As the contest gathers pace, BBC Newsnight correspondent Lewis Goodall reported that Barry Gardiner, the party's international trade spokesman, could become a candidate. The Brent North MP has yet to confirm this.
Unison's endorsement, which was agreed by a committee of "working people from across the country", is a major boost for Sir Keir's campaign.
Announcing its decision, the union said it believed the former director of public prosecutions was capable of taking Labour back into government. General Secretary Dave Prentis said working people depended on Labour being in power to change their lives.

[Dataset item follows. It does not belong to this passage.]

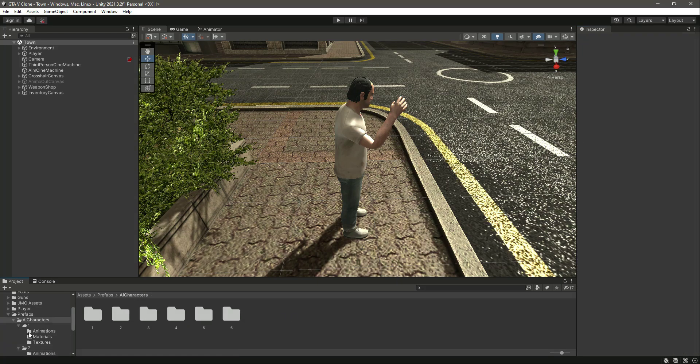So it means that all of our characters are ready to be used for our AI system. In this video we have imported all of the characters and animations. In the next video we will start working on our AI system — catch you guys in the next one.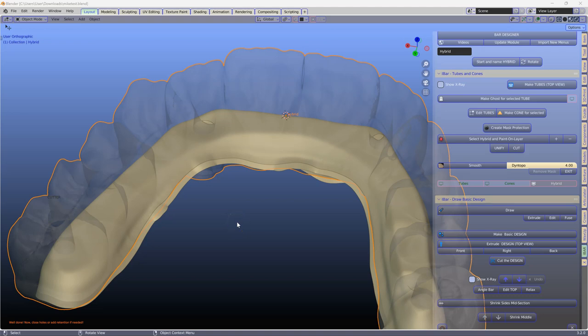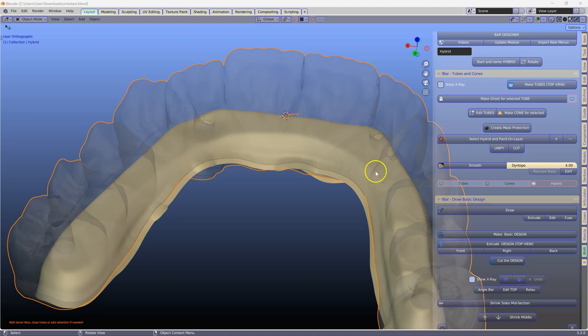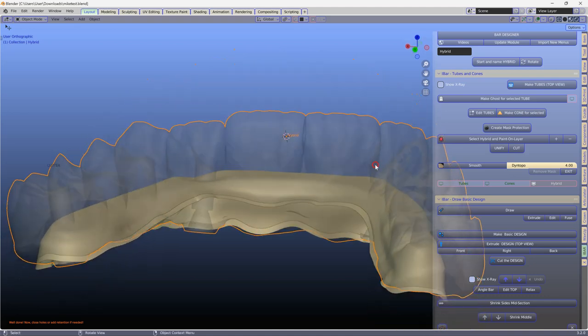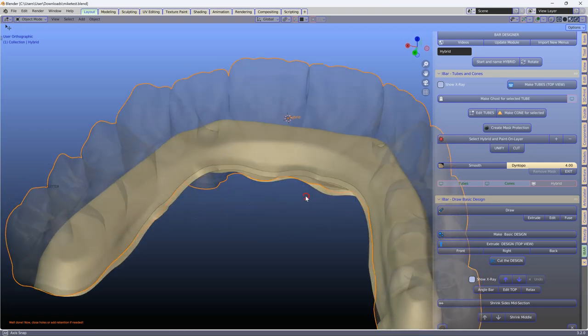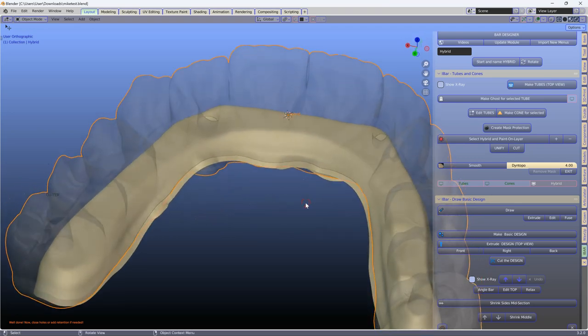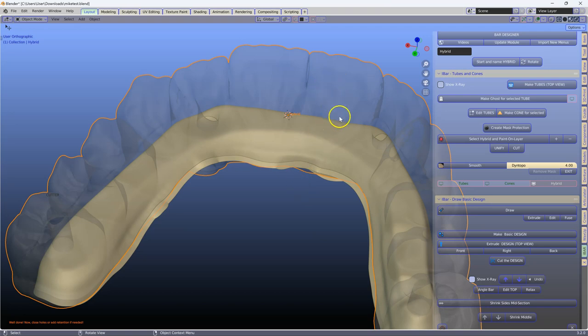The problem with this i-bar is that once it was separated, the holes were blocked in the actual bar itself. So we need to have a look and analyze the mesh structure of this hybrid.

"We believe - if elected by the membership - Keir Starmer would be a leader to bring the party together and win back the trust of the thousands of voters who deserted Labour last month," he said.
"Keir has a clear vision to get Labour back to the winning ways of the past. He is best placed to take on Boris Johnson, hold his government to account and ensure Labour can return to power."

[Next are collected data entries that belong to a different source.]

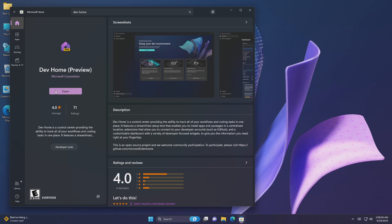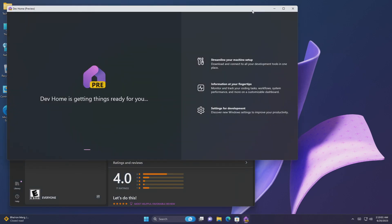After the installation is done, click on Open to launch DevHome, and it will be ready in a while.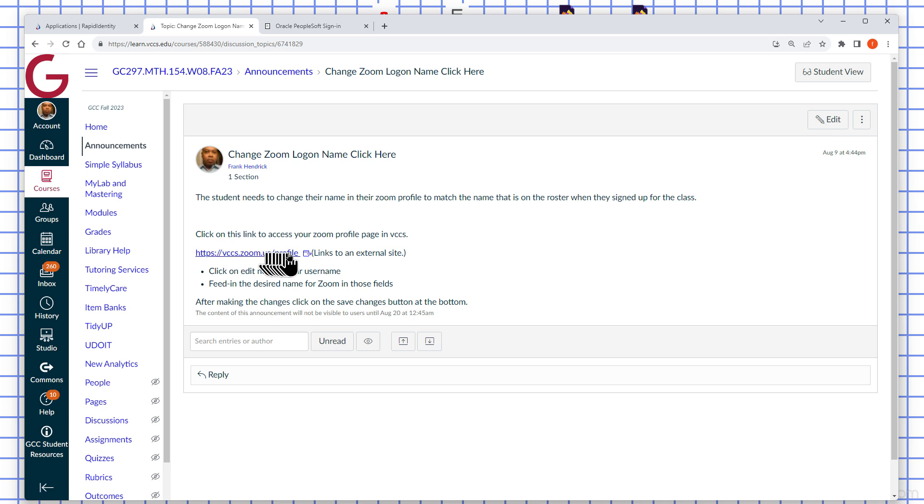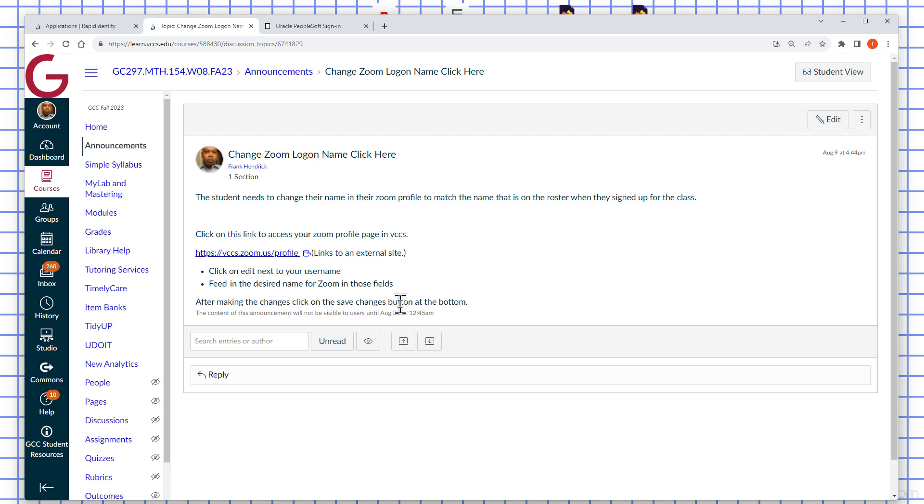Go into this link to access your Zoom profile page and actually make the changes. It's important to save the changes at the bottom there.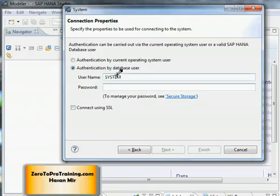In one of the previous videos we connected to the SAP HANA One database through the software called HDBSQL. This software is already there on the Linux environment. So that's what we use to connect to the database. And I showed you how to reset the password through that software. So if you have reset your password already enter the new password. Otherwise enter the default password which is manager.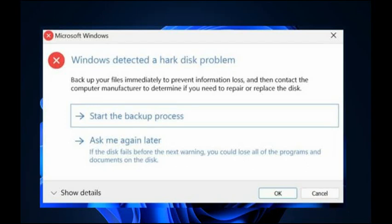Hello guys, Windows detected a hard disk problem. Backup files immediately to prevent information loss and then contact the computer manufacturer when such type of screen appears.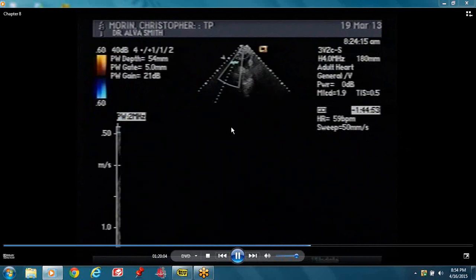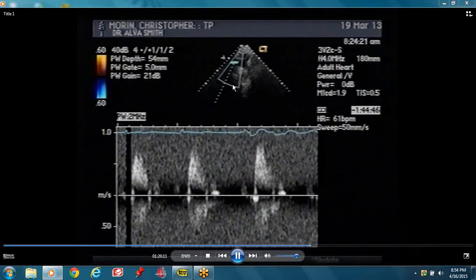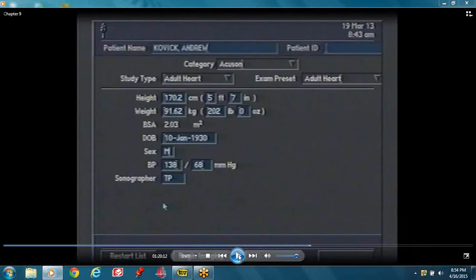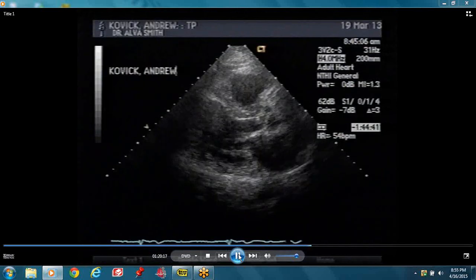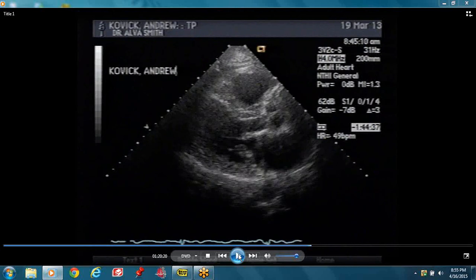The blood in the ascending aorta is flowing towards the transducer, that's why it was on top. Once the blood gets into the arch and moves downwards, it's away from the transducer, that's why it's below the baseline. So you can just look at this study. A normal study — you have to imprint a normal study in your brain. So when you see an abnormal study, you can pick it out.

The union, which represents workers across the NHS, schools and other public services, backed Jeremy Corbyn in 2015 and 2016.
The BBC's political correspondent Iain Watson said Sir Keir was the overwhelming choice of the union's Link Committee, having won more support than all of the other candidates combined.
He has also recruited Simon Fletcher to his campaign team - Jeremy Corbyn's former chief of staff who ran his successful leadership bid in 2015.
Mrs Long Bailey has Momentum founder Jon Lansman as her campaign director and former spokesman for Mr Corbyn, Matt Zarb-Cousin, as her director of communications.
Sir Keir told the BBC he was "delighted" by the endorsement but played down talk of him now being the frontrunner, telling the BBC "there was a long way to go" in the contest.
"What I want to do is lead a united Labour Party that works with trade unions to bring them together to face the future," he said.
It caps a good day for the shadow Brexit secretary, whose growing number of parliamentary backers include former foreign secretary Margaret Beckett, the new shadow culture secretary Tracy Brabin and Tottenham MP David Lammy.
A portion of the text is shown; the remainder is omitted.